Thanks for having me. Hello everyone. Thank you.

I'm going to talk about ProdEx, Google's Production Excellence Review program, which helps us to manage operational risk and promote best practices across Google SRE. But why are we doing it? To explain it, I have to talk a little bit about organizational structure first.

SRE at Google is a central specialist organization with its own reporting hierarchy and organizational structure. But it is matrixed into the individual product areas, the business units, to support them, to align with them, much like a lot of other specialist roles at Google as well.

Well, this is the classic matrix model, and it comes with challenges. You need to align on the vertical, on the business alignment. The SREs in the individual teams need to understand the systems and the business needs in that area.

But also, SRE is a community, a community that learns from each other, that builds platforms together, that establishes standards and promotes best practices. So we learn from each other. And to be able to have our full potential, we need to encourage that exchange across SRE, which is a very large organization by itself.

And there is a lot to say about the business alignment, about the system reviews, and I hope I can talk about this another time. But today I'm going to talk about this other dimension, the horizontal alignment, the promotion of best practices, standards, and mutual understanding.

Now the goals of the ProdEx program are to drive these operational best practices that we have, that are constantly evolving, and production health across all of SRE and, by extension, across all of Google's products.

And the idea is to assess the main risk areas for the SRE-owned production services to see, like, what can we do about them? How can we manage them? How can we mitigate them? And especially to identify individual SRE teams that may need more help. There are always some hot spots. They have challenges, and it's a very dynamic situation.

But it is not an audit. It's not a compliance exercise. It's a coaching opportunity for these SRE teams to learn from more senior leaders and to understand better how they are doing and what they're doing. But it's also an opportunity for these reviewers to get cross-SRE visibility and awareness, and bubble that up to SRE leadership to inform the overall SRE strategy.

What it is not is the business alignment, the vertical thing, nor the compliance thing, here are the policies that you need to follow. It is not there to criticize. It is to help and to add perspective.

So how do we do that? First of all, a lot of these review programs that probably all of you do in one form or another are kind of unstructured. Everybody has their own slide template, and these evolve, and every team does it a little bit different. So these things are not repeatable. Everybody is using a slightly different set of signals.

And that really prevents us from using the reviews as a data source to bubble information up. And it also is a lot of overhead and preparation for the individual teams. Not uncommon that a team spends multiple days, or even more than a week, to prepare such an unstructured review.

And we don't want that. We want shared metrics, and we build dedicated tooling that actually automates the data collection. You can still tweak it if our automation may have missed some of the systems that you're responsible for.

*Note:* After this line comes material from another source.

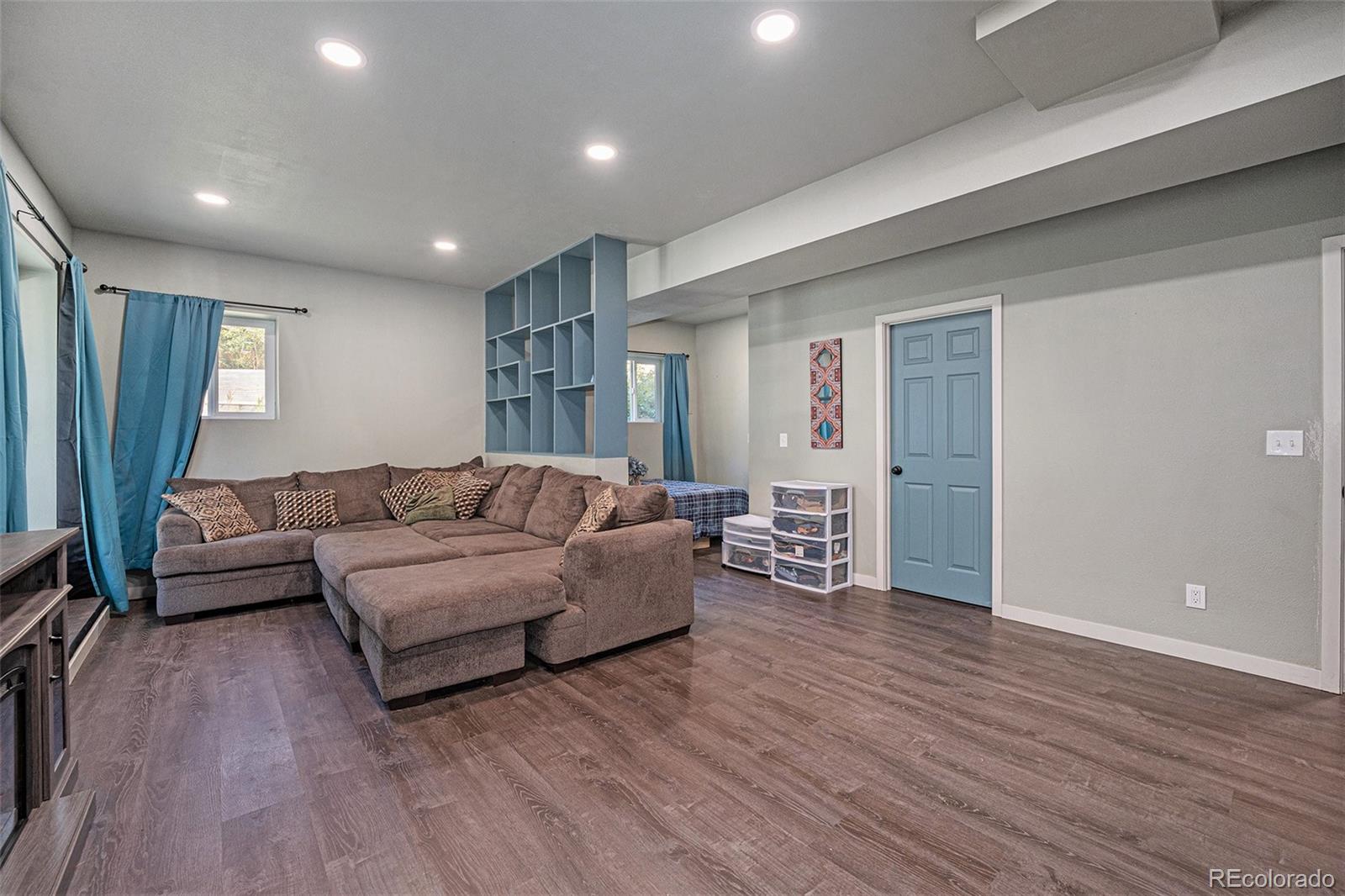 21795 Indian Springs Road Conifer, CO 80433 - Photo 20 of 29 a living room with furniture and a wooden floor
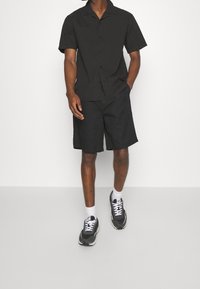 Černá košile s krátkým rukávem a zapínáním na knoflíky, s límečkem, v kombinaci s černými šortkami. Obuv zahrnuje černé tenisky s bílými akcenty a ponožky.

And then we also want to apply context from the team. We are a data-driven company. Data is extremely important, objectively measurable data especially. But the context, the perspective of the team, and the business context also matters. So there's plenty of room for them to provide speaker notes, to annotate, to explain why the data looks the way it is.

And then there are two senior reviewers per review session. They are typically directors or principal engineers. And they review the findings together with the team. And important here is they do not typically come from the same area. They're not from the reporting chain. They're not the bosses. They are senior leaders from elsewhere in the organization. So they can provide an outside perspective, and it's less intimidating.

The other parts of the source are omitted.